Total lack of decision making ability... a yes today is a No tomorrow. He cannot and has not kept his view straight... Kerry can't even decide if he wants to wipe his ass after he... well you get the picture...


----------



## Channy1984 (Jul 24, 2004)

My friend who walks around with a Bush Cheney 04 shirt said something to me that I think is actually true. People only vote for Kerry because they dont like Bush. This guy has people come up to him asking "why are you voting for Bush" and when he asks the same about why they vote for kerry he gets that response more than half the time without any logical backing.


----------



## TripleSeven (Aug 28, 2004)

SOT_II @ Tue Sep 28 said:


> 'nuff said


haha... maybe that pic is enough to persuade some Kerry voters into voting for GW! :lol:


----------



## dcs2244 (Jan 29, 2004)

A reason? How about John Kerry is a self-serving-flip-flopping-self-aggrandizing-plastic-married-to-a-harpy bolshevik? 8) 

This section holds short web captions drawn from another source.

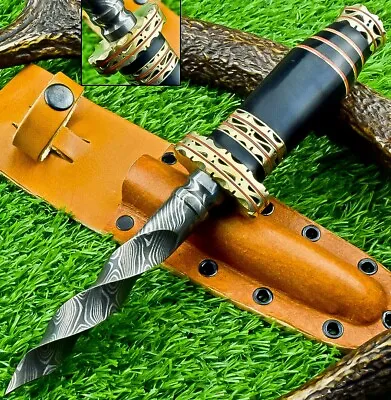 Custom Hand Forged Damascus Steel Bowie Knife Hunting Knife Kris Dagger 387 • $49.99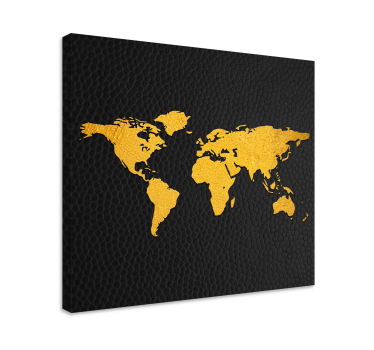 Tableau carte du monde effet noir et doré - TenStickers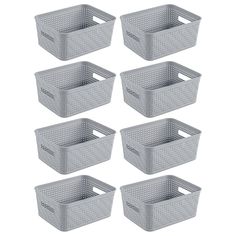 six grey plastic storage baskets with handles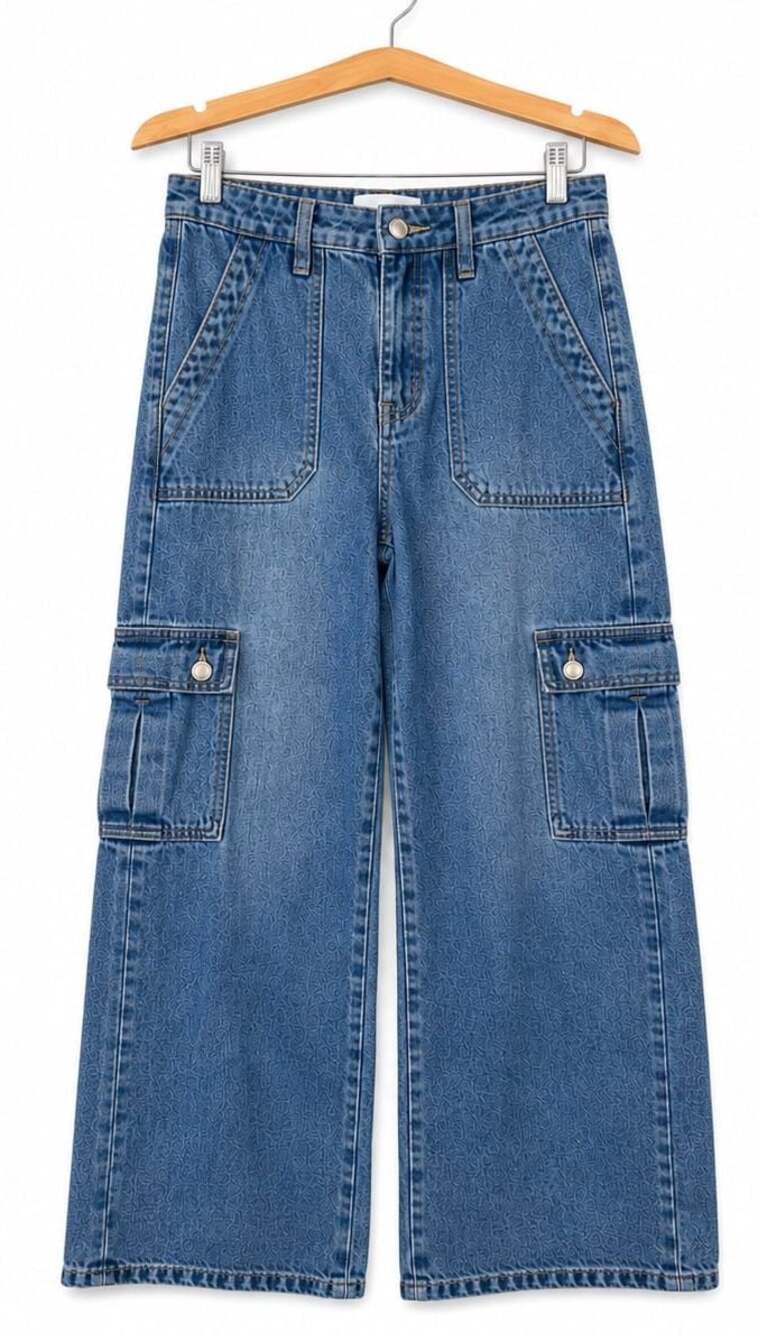 Vervet Los Angeles High Rise Wide Leg Cargo Denim Jeans Light Wash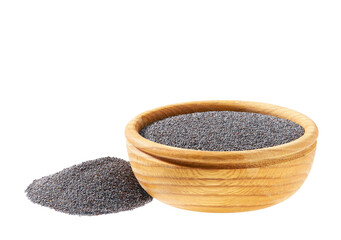 poppy seeds in a small wooden bowl  isolated on a white background.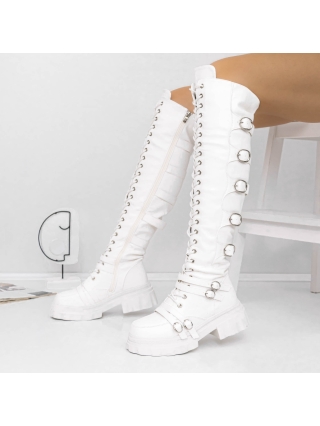 Női csizma, Γυναικείες μπότες με χαμηλή σόλα Arosa Λευκό - Kalapod.hu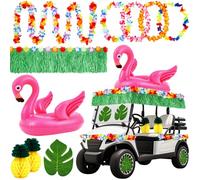 WinnerWhy 29 Pcs Summer Tropical Golf Cart Parade Decorations Tropical Flower Leis Tinsel Garland Grass Fringe Banner Inflatable Flamingo Tube Paper Pineapples Leaves for Luau Party Supplies (Green)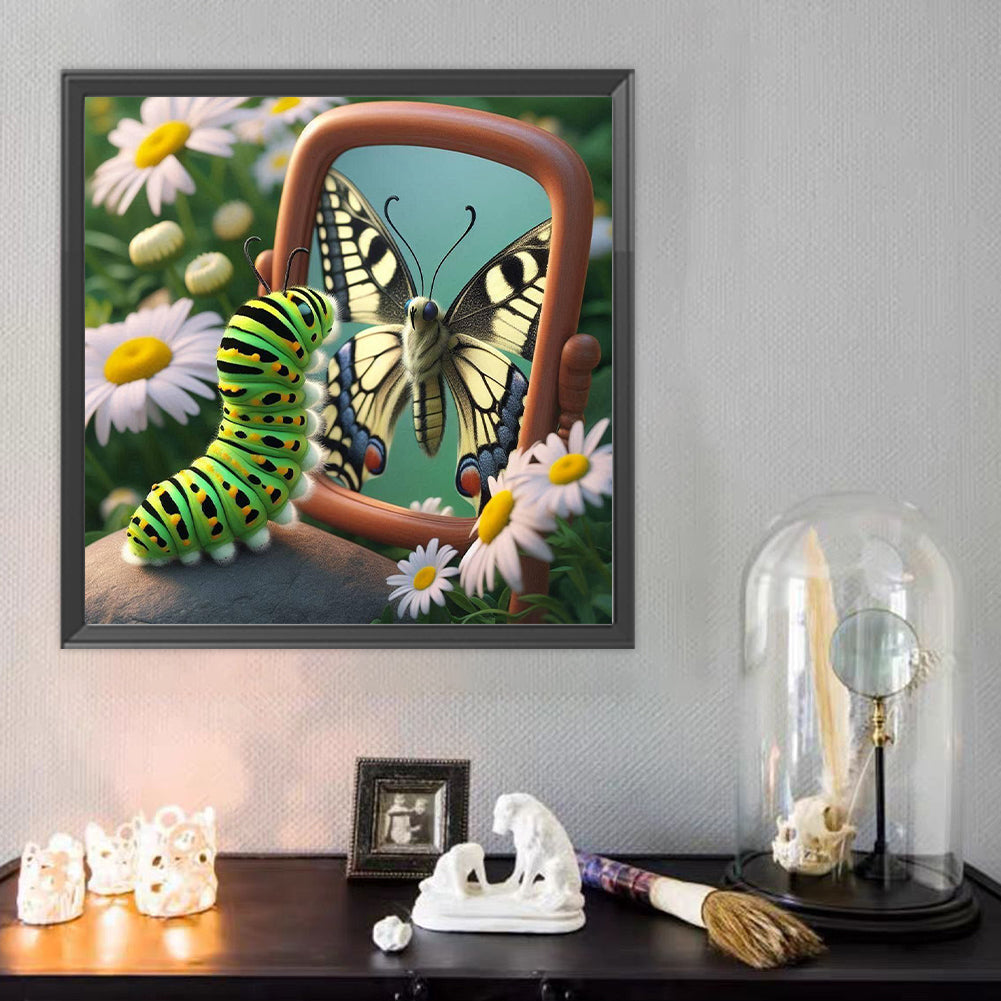 Caterpillar Butterfly - Full Round Drill Diamond Painting 40*40CM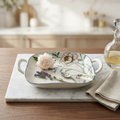 BR2011 Magnolia 9"Sqr Dish W-H 8-48c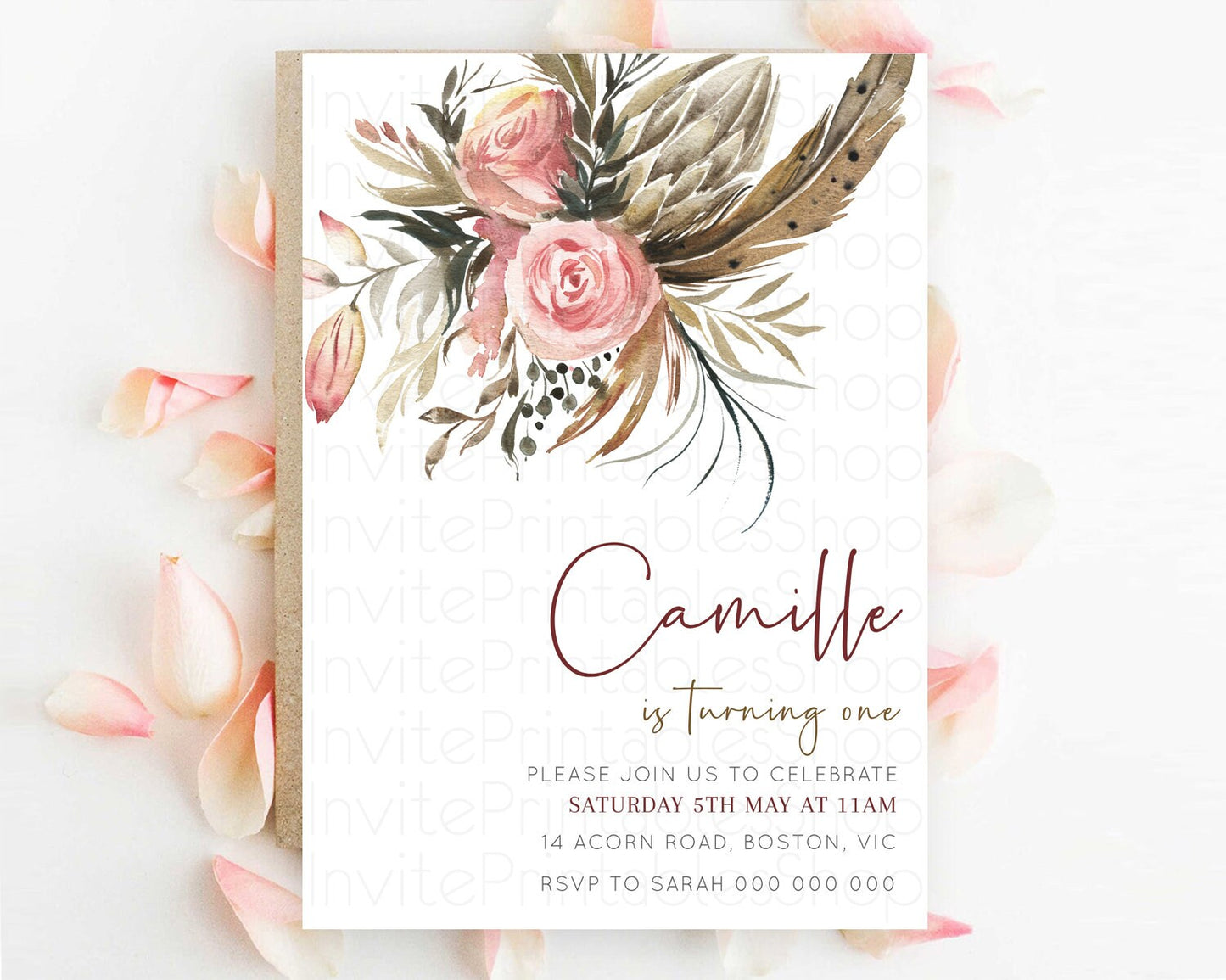 Secret Garden Invitation Wildflower Birthday Invitation Pastel Flowers Invite Enchanted Garden Boho Floral 3rd 2nd First Birthday D10686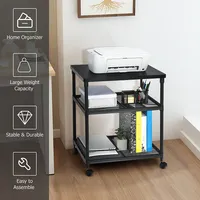 3-tier Printer Stand Rolling Fax Cart W/ Adjustable Shelf & Swivel Wheel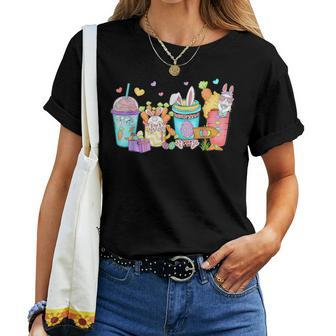 Cute Easter Day Easter Coffee Lover Girl Women T-shirt - Seseable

Sorry, you said you were in school: a bolshevik is a follower of Lenin that helped overthrow the Czar (after which they murdered him, his wife and children...kinda like modern day adherents of a religion which shall remain nameless, but starts with an I and ends with slam...)


----------



## nixon3535 (Aug 29, 2004)

i mean granted, i dont agree with a lot of stuff about bush like giving something like 400 million to NASA when there are no people with health care and a lot of this outsourcing stuff, but honestly, when you watch Bush answer a question he's direct, confident in what he says. one thing you can say is that bush has an ACTUAL vision, Kerry listens to wha the polls say. id rather have a president who wont go on polls like clinton did. you can also say, in the senate kerry has voted AGAINST so may intelligence and defense budgets, voted against giving billions to the war he SUPPORTED. i dont know how bush can prepare for his debate, kerry has given so many asnwers to so many diferent things.

Posted Wed Sep 29, 15:38:

one more thing, we NEED a third party. we need a party kinda with rebublican ideals that wont tax the hell out of us, but wont be so big business and a democrat side that will represent the working man( like FDR did) more and not these dumb federal judges and wont represent stupid people like mike moore, clintons, etc....time for reform.


----------



## thumper2168 (Sep 10, 2003)

What pisses me off is when Kerry falls he blames the USSS agent beside him and then when he throws a ball short of a Desert Storm veteran on the openeing picth he points to him and told him he should of caught it.... idiot, I'll write in McCain again


----------



## mkpnt (Sep 8, 2004)

EMcNeice @ Tue Sep 28 said:


> Ok, I am a supporter of Bush. I go to college and frequently the topic of the presidental candidates come up. Often i end up getting in arguments with people because its seems like sometimes i am the only Bush supporter in my classes, some people even seem discusted by this. Honestly, i don't know a great deal about Kerry, but from what i've seen, i don't like him, and I've never really minded G.W. I know this message board is pro Bush for the most part, can someone give me some fuel for my arguments why Bush is better than Kerry?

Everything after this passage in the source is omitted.